Ilustrasi.
JAKARTA, DDTCNews - Sebagian fraksi di Komisi XI DPR RI memberikan catatan khusus terhadap skema PPN multitarif sebesar 5% hingga 25% yang diusulkan oleh pemerintah pada RUU KUP.
Dari 9 fraksi di Komisi XI DPR RI, hanya Fraksi Golkar, PKS, dan PDIP yang memberikan catatan khusus dan pandangan kepada pemerintah atas skema PPN multitarif tersebut.
"Mohon penjelasan dari pemerintah terhadap perubahan PPN dari single-tariff PPN menjadi multitarif PPN terhadap efisiensi dan distorsi ekonomi, dampaknya terhadap biaya administrasi dan kepatuhan, serta kesiapan administrasi perpajakan," tulis Fraksi PDIP pada Daftar Inventarisasi Masalah (DIM) RUU KUP, dikutip Senin (27/9/2021).
Fraksi PKS sebenarnya cenderung mendukung klausul PPN mulitarif yang diusulkan pemerintah. Hanya saja, Fraksi PKS mengusulkan range tarif hanya di rentang 5% hingga 15%, tidak mencapai 25% sebagaimana yang diusulkan pemerintah.
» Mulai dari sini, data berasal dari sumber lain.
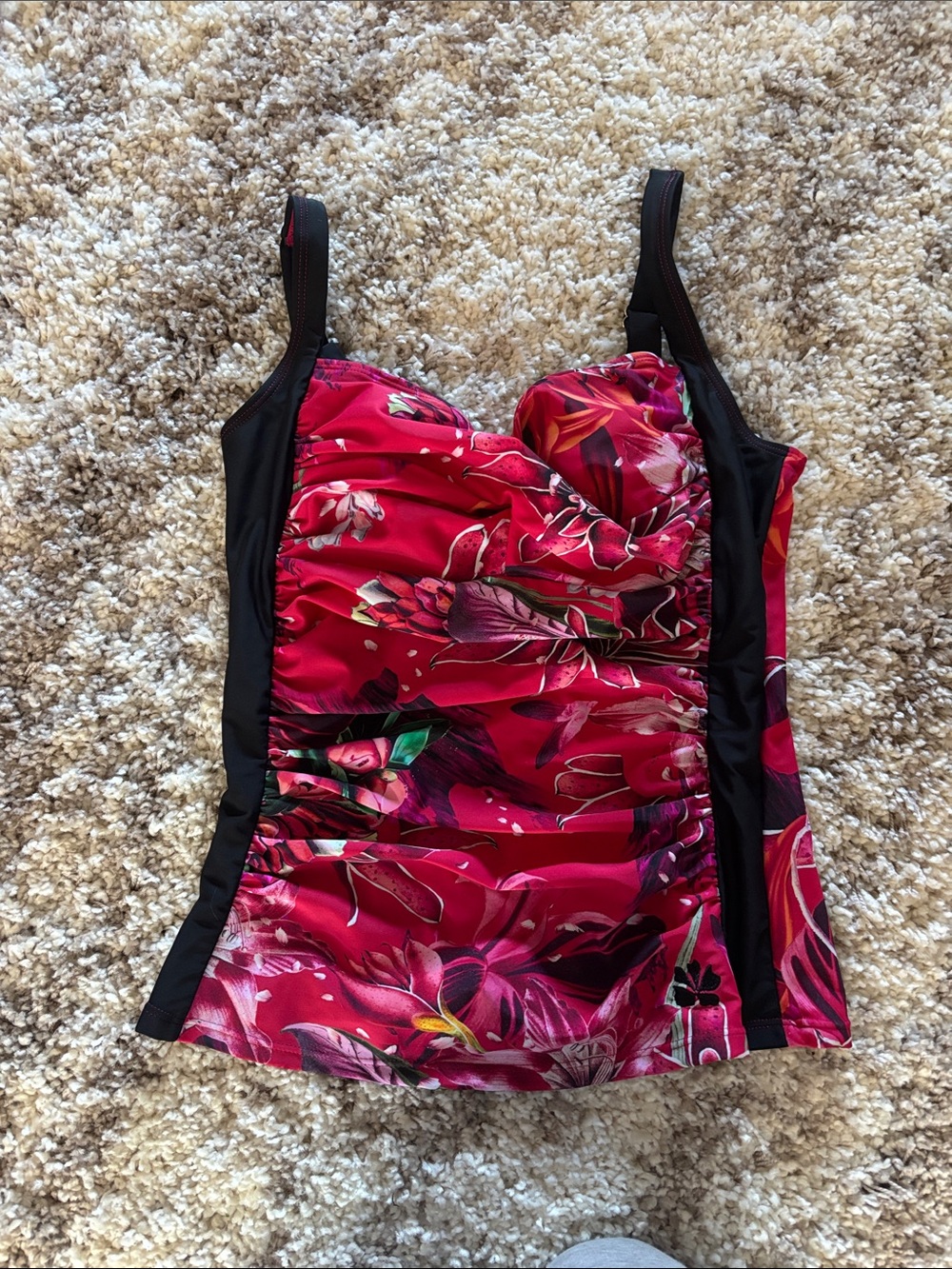 Hapari  pink Floral Tankini Top with Black Side Panels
Adapun Fraksi Golkar memandang skema PPN multitarif belum perlu dilakukan. Menurut Fraksi Golkar, PPN multitarif memiliki potensi memberatkan tugas wajib pajak dalam memungut dan menyetorkan PPN.
"Dengan satu tarif PPN saat ini saja sudah banyak terjadi sengketa objek PPN, apalagi dengan tarif PPN yang berbeda dengan berbagai jenis BKP/JKP," tulis Fraksi Golkar.
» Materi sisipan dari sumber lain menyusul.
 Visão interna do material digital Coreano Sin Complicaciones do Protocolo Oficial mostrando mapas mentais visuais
Fraksi Golkar juga mengkhawatirkan potensi restitusi yang timbul akibat perbedaan tarif PPN. "Ada kemungkinan juga wajib pajak yang menjual BKP/JKP dengan tarif rendah namun pajak masukan menggunakan tarif yang lebih tinggi sehingga akan ada potensi pengajuan restitusi PPN," tulis Fraksi Golkar.
Sementara fraksi-fraksi yang tidak memberikan catatan khusus terhadap skema PPN multitarif antara lain Fraksi Gerindra, Nasdem, PKB, Partai Demokrat, PAN, dan PPP.
Untuk diketahui, salah satu alasan pemerintah mengusulkan skema PPN multitarif pada RUU KUP adalah untuk menciptakan sistem PPN yang lebih berkeadilan.
Sejumlah barang dan jasa yang dibutuhkan oleh masyarakat banyak, rencananya akan dikenai tarif PPNÂ lebih rendah dari tarif umum. Sedangkan barang yang tergolong mewah akan dikenai tarif yang lebih tinggi.
Pengenaan PPN multitarif juga menjadi solusi atas ketentuan PPN di Indonesia saat ini yang masih mengandung banyak pengecualian dan memunculkan distorsi, serta menimbulkan ketimpangan kontribusi pajak antarsektor. (sap)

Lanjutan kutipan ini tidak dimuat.